Would you print only the lines running from the one with "Ararat Botanic Gardens - Ararat" to the final line of the data below, word for word and without pictures?

(Stored items from a collection)

---*---

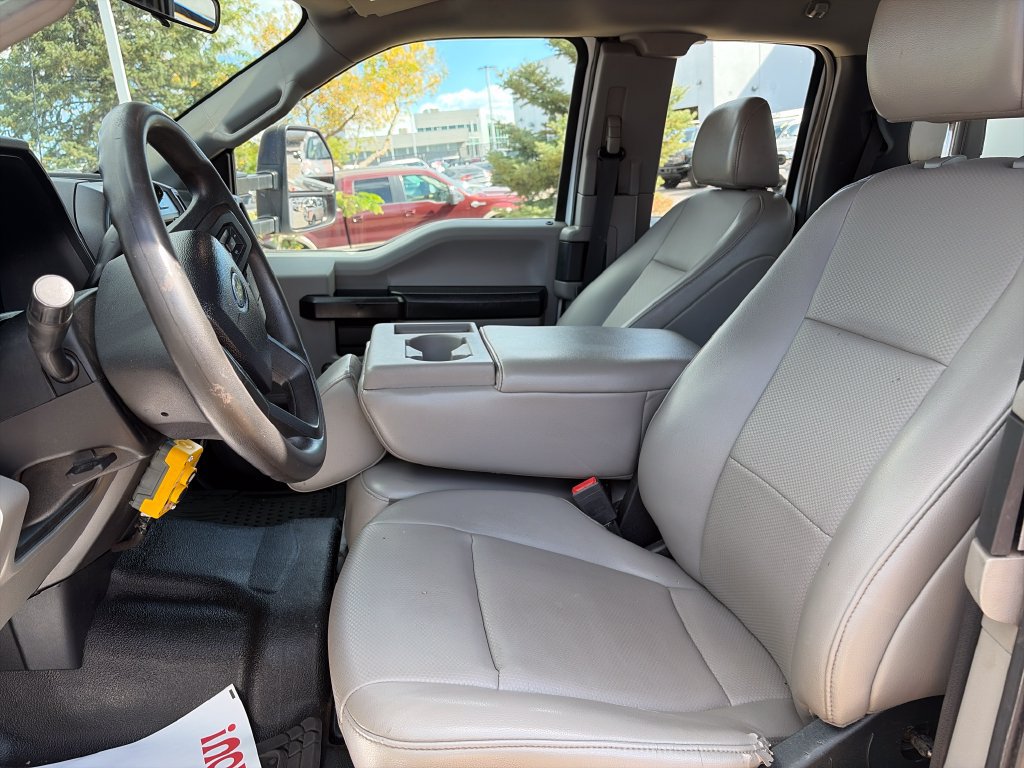 Used 2021 Ford F550 4x4 SuperCab Super Duty image 11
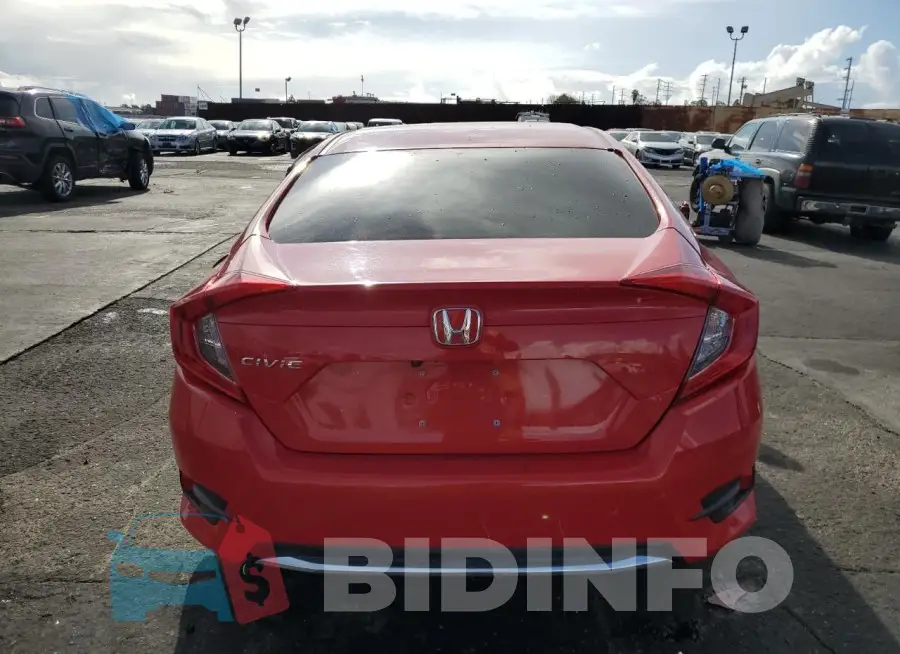 2HGFC2F6XKH501857 Photo# 6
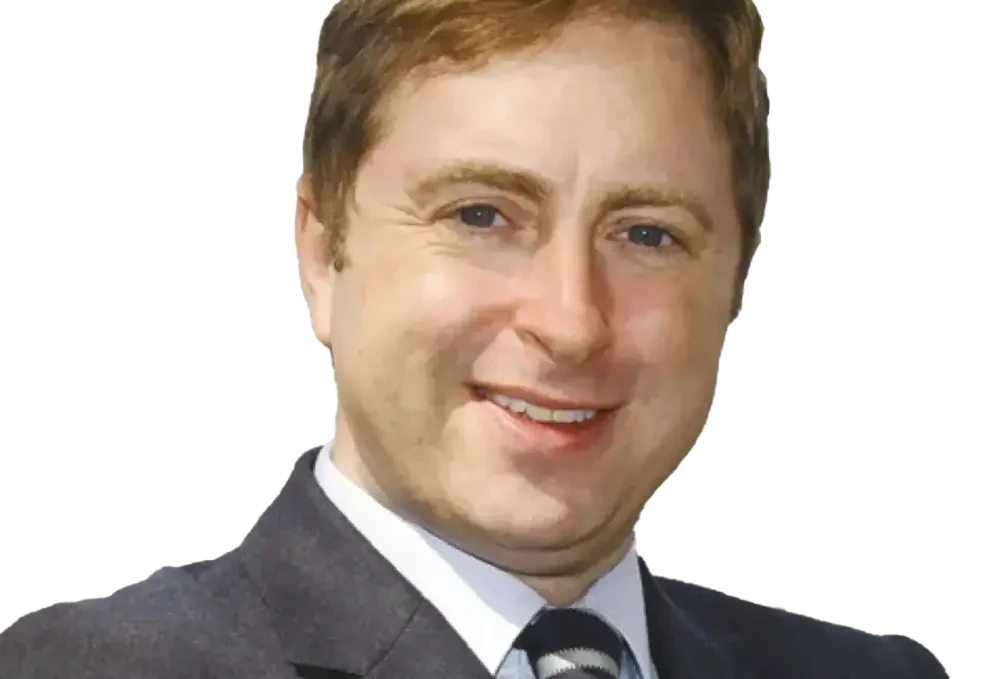 Ben Wright, Speaker | Chief Political Correspondent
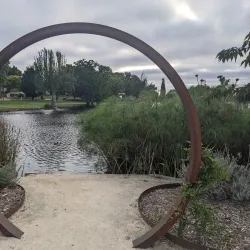 Ararat Botanic Gardens - Ararat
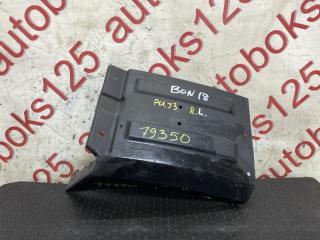 Брызговик левый задний Kia Bongo PU J3 612104E600 4 ракурс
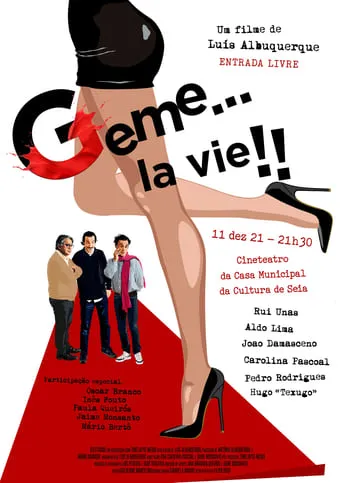 GEME... LA VIE!! movie poster - Entertainment content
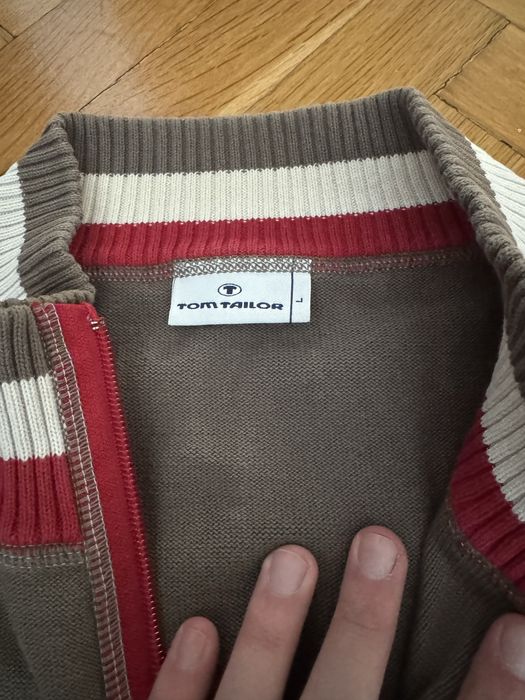 Суйтчер Tom Tailor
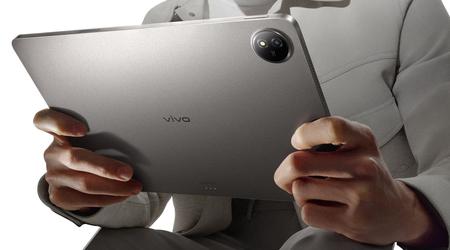 Vivo hat offiziell die Markteinführung seines neuen Pad3 Pro Tablets angekündigt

---*---

ANSWER BELOW:
 Ararat Botanic Gardens - Ararat
 Брызговик левый задний Kia Bongo PU J3 612104E600 4 ракурс
 GEME... LA VIE!! movie poster - Entertainment content
 Суйтчер Tom Tailor
 Vivo hat offiziell die Markteinführung seines neuen Pad3 Pro Tablets angekündigt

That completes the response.